▶ Exercise requirements: In full and without edits, write out the data that follows.
[Opening Given data section]
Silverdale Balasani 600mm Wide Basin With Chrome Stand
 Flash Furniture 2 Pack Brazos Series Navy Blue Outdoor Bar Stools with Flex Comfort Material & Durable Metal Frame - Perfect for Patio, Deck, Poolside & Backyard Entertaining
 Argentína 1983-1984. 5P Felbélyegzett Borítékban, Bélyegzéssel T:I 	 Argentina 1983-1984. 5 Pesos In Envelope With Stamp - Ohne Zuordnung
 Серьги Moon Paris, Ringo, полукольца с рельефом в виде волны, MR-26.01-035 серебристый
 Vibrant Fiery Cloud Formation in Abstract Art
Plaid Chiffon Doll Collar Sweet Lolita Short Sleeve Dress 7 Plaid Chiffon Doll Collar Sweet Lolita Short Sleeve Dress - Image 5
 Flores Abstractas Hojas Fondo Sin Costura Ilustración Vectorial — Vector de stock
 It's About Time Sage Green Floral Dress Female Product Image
[Closing Given data section]
▶ Answer to this task:
Silverdale Balasani 600mm Wide Basin With Chrome Stand
 Flash Furniture 2 Pack Brazos Series Navy Blue Outdoor Bar Stools with Flex Comfort Material & Durable Metal Frame - Perfect for Patio, Deck, Poolside & Backyard Entertaining
 Argentína 1983-1984. 5P Felbélyegzett Borítékban, Bélyegzéssel T:I 	 Argentina 1983-1984. 5 Pesos In Envelope With Stamp - Ohne Zuordnung
 Серьги Moon Paris, Ringo, полукольца с рельефом в виде волны, MR-26.01-035 серебристый
 Vibrant Fiery Cloud Formation in Abstract Art
Plaid Chiffon Doll Collar Sweet Lolita Short Sleeve Dress 7 Plaid Chiffon Doll Collar Sweet Lolita Short Sleeve Dress - Image 5
 Flores Abstractas Hojas Fondo Sin Costura Ilustración Vectorial — Vector de stock
 It's About Time Sage Green Floral Dress Female Product Image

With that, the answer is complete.